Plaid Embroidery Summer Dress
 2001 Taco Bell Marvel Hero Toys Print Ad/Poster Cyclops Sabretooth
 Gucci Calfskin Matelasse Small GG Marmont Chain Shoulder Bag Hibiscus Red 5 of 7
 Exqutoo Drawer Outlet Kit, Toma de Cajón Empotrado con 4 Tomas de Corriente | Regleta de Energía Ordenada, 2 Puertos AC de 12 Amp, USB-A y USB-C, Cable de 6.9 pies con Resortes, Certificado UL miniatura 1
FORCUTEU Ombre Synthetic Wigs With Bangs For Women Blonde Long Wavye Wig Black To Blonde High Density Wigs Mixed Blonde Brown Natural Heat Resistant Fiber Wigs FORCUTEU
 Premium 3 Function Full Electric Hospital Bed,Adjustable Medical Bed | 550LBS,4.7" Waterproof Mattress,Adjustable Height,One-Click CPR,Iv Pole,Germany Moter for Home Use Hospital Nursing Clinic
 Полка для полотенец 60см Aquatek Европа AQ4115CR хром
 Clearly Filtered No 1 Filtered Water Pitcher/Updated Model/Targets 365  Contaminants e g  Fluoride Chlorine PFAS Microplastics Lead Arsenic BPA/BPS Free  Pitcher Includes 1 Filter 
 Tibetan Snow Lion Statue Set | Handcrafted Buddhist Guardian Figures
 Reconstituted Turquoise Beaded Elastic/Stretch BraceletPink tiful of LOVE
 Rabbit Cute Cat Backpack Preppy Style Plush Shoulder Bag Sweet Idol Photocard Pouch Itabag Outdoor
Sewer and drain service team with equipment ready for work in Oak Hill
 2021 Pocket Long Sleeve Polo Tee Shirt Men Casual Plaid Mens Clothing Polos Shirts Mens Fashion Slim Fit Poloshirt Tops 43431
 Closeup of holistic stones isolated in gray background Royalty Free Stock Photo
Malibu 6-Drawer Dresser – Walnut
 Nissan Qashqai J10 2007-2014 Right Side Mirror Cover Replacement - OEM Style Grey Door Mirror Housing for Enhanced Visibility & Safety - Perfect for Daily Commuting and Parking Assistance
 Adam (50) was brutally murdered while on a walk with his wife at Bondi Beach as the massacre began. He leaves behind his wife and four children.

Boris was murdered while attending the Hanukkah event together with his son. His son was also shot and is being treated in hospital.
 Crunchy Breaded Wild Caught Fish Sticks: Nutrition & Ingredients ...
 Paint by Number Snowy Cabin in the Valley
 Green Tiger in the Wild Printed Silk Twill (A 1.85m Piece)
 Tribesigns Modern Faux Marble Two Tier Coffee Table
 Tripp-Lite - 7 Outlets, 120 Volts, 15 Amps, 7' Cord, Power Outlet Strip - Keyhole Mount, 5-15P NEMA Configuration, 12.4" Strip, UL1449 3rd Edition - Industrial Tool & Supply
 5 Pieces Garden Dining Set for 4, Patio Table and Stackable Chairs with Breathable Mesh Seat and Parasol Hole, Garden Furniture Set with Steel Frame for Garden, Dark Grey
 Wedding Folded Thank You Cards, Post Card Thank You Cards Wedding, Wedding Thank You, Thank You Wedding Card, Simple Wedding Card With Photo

* TASK BRIEF *
Out of the data above, transcribe exactly and only the lines starting with the line that has "Malibu 6-Drawer Dresser – Walnut" and going on through the line that has "Nissan Qashqai J10", both included.

* RESPONSE TO THIS EXERCISE *
Malibu 6-Drawer Dresser – Walnut
 Nissan Qashqai J10 2007-2014 Right Side Mirror Cover Replacement - OEM Style Grey Door Mirror Housing for Enhanced Visibility & Safety - Perfect for Daily Commuting and Parking Assistance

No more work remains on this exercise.